_Exercise description:_
Copy all data exactly. Skip pictures.

_Data extract:_
::::::

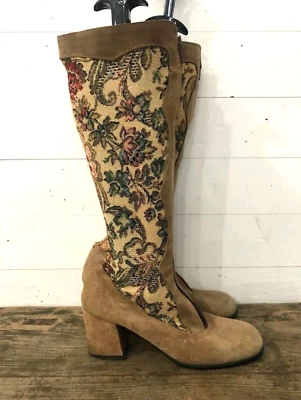 Botas Gogo Años 60 Cottagecore Floral Tapiz Gamuza Botas Penny Lane Hippy 70 Foto 1 de 4
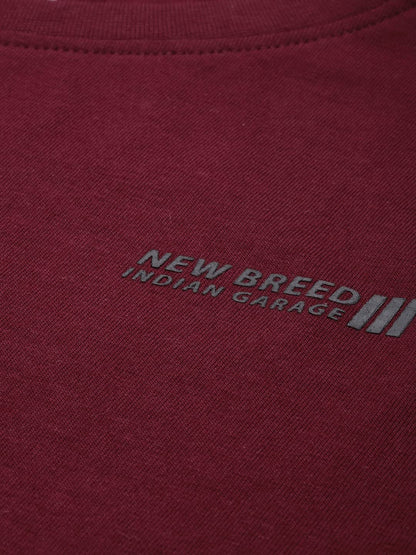 The Indian Garage Co Men Slim Fit Graphic Print Round Neck Tshirt Burgundy
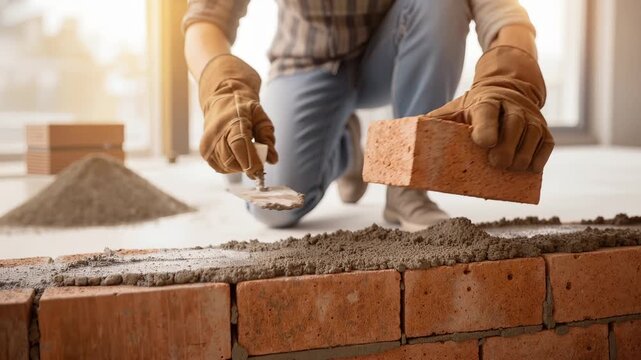 construction worker laying bricks with trowel on wall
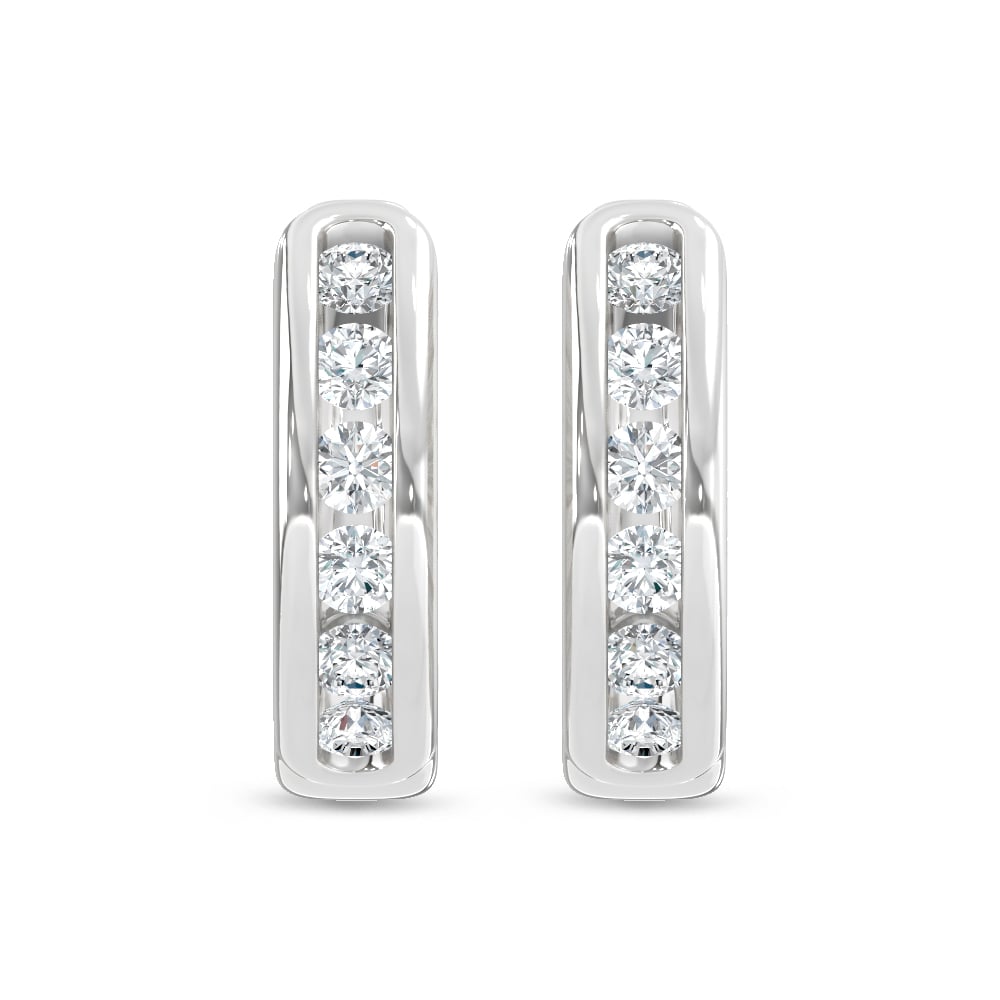 10K White Gold Lab Grown Diamond Channel set 1/4 Ct.Tw. Hoop Earrings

::::::

_Task solution:_
 Botas Gogo Años 60 Cottagecore Floral Tapiz Gamuza Botas Penny Lane Hippy 70 Foto 1 de 4
 The Indian Garage Co Men Slim Fit Graphic Print Round Neck Tshirt Burgundy
 construction worker laying bricks with trowel on wall
 10K White Gold Lab Grown Diamond Channel set 1/4 Ct.Tw. Hoop Earrings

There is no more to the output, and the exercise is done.